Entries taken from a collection
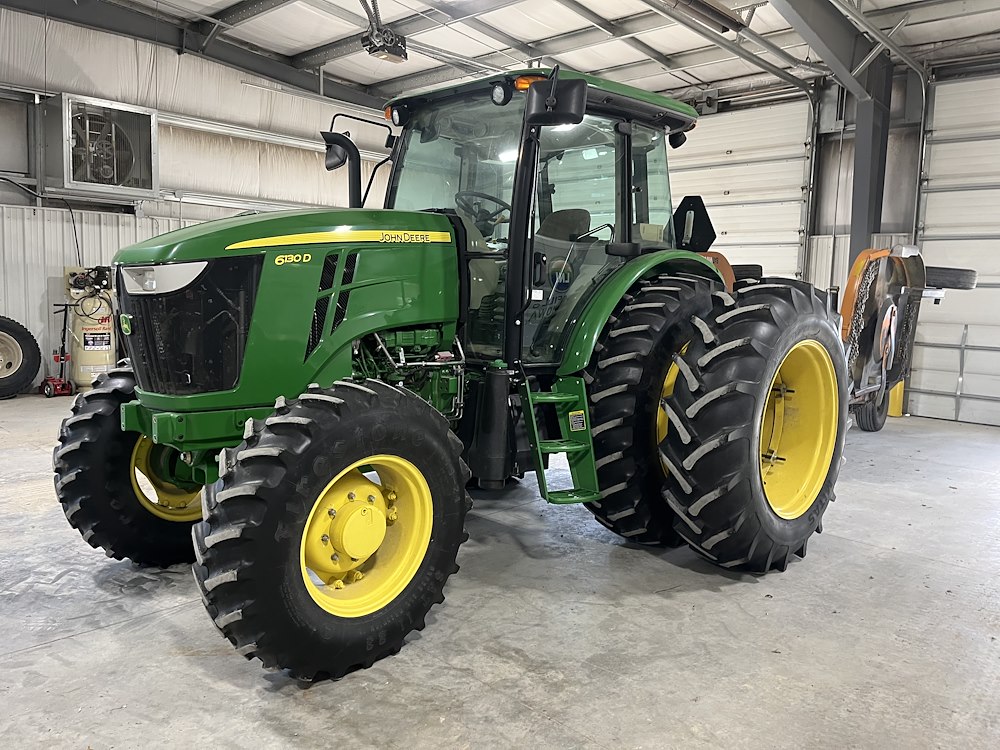 2015 John Deere 6130D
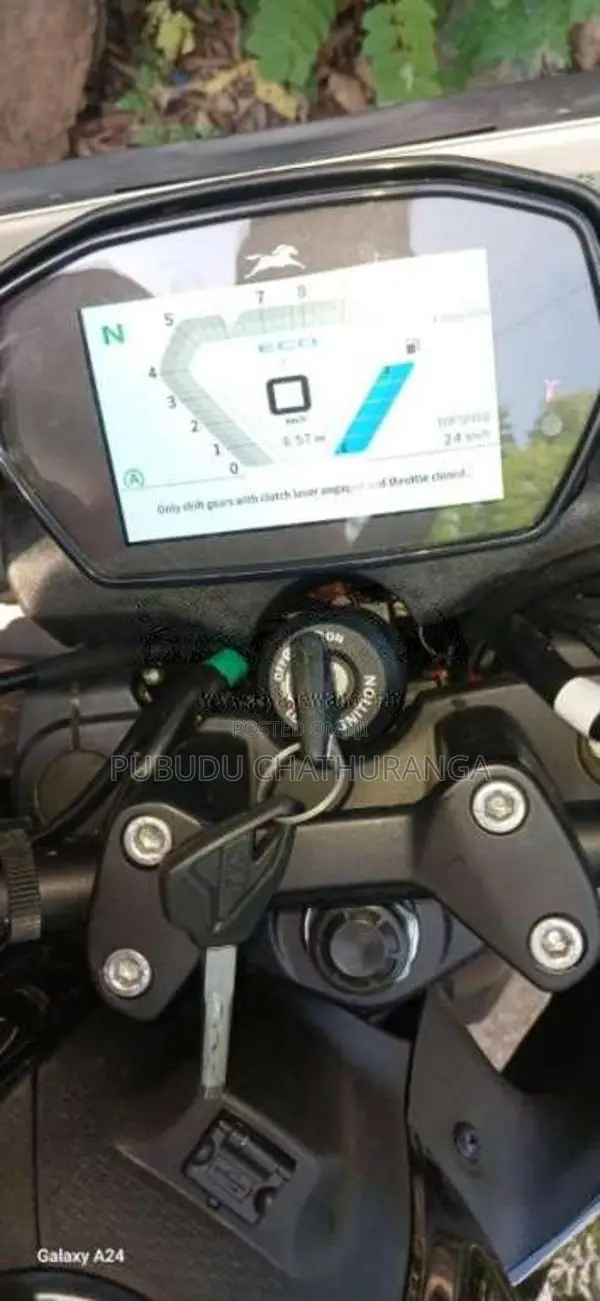 TVS RAIDER 2025 Motorbike (Used)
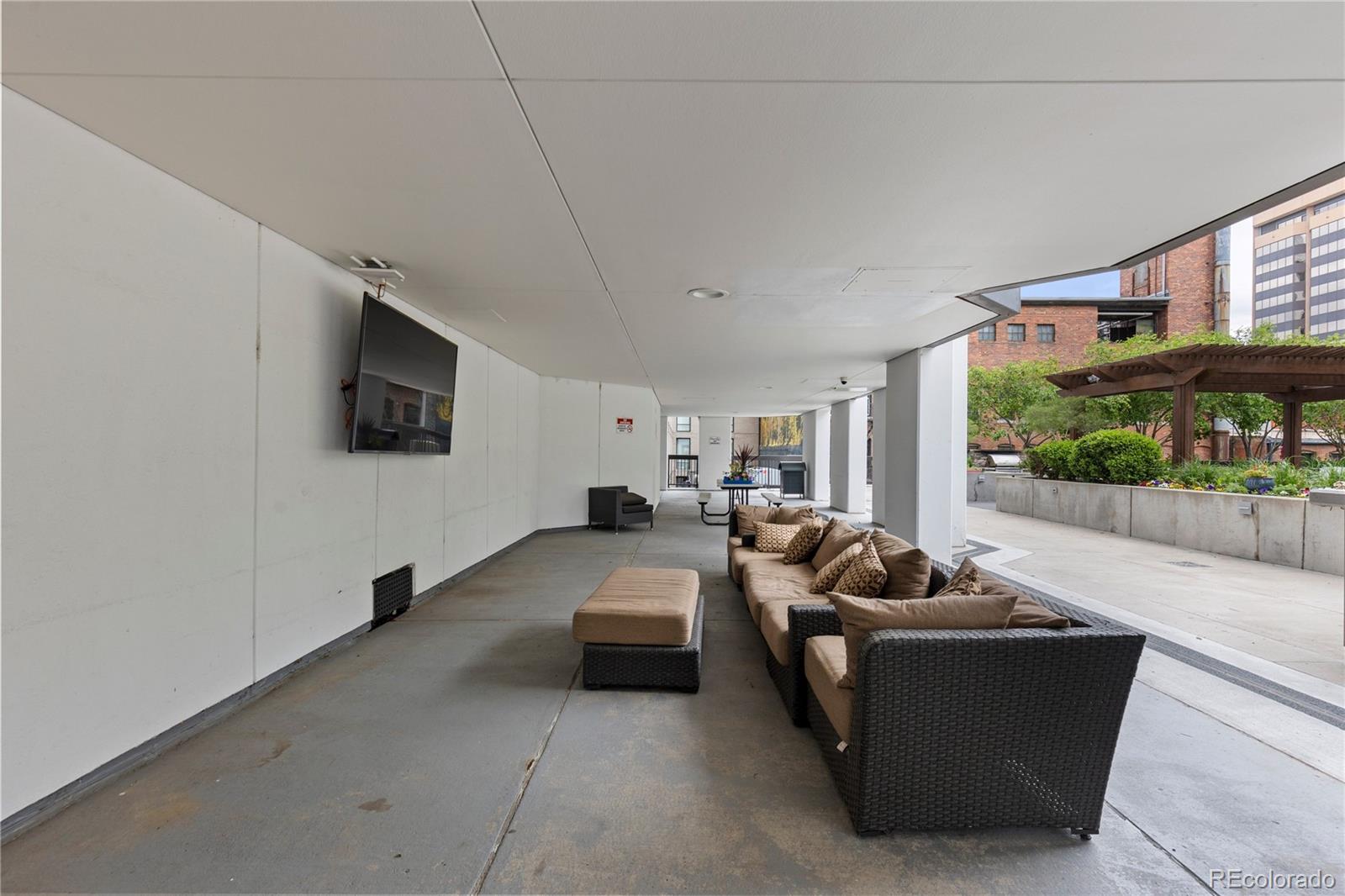 1625 Larimer Street Unit: 2104
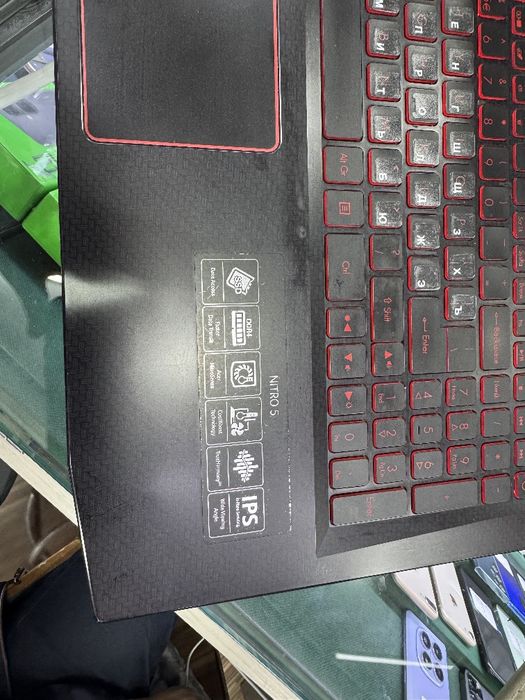 Ноутбук сотилади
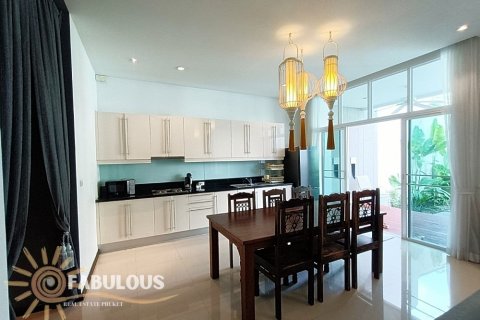 Villa in Phuket, Thailand 3 bedrooms № 124338 - photo 12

▸ Exercise requirements
Write out the records in full and exactly, omitting the pictures they hold.

▸ Exercise solution
 2015 John Deere 6130D
 TVS RAIDER 2025 Motorbike (Used)
 1625 Larimer Street Unit: 2104
 Ноутбук сотилади
 Villa in Phuket, Thailand 3 bedrooms № 124338 - photo 12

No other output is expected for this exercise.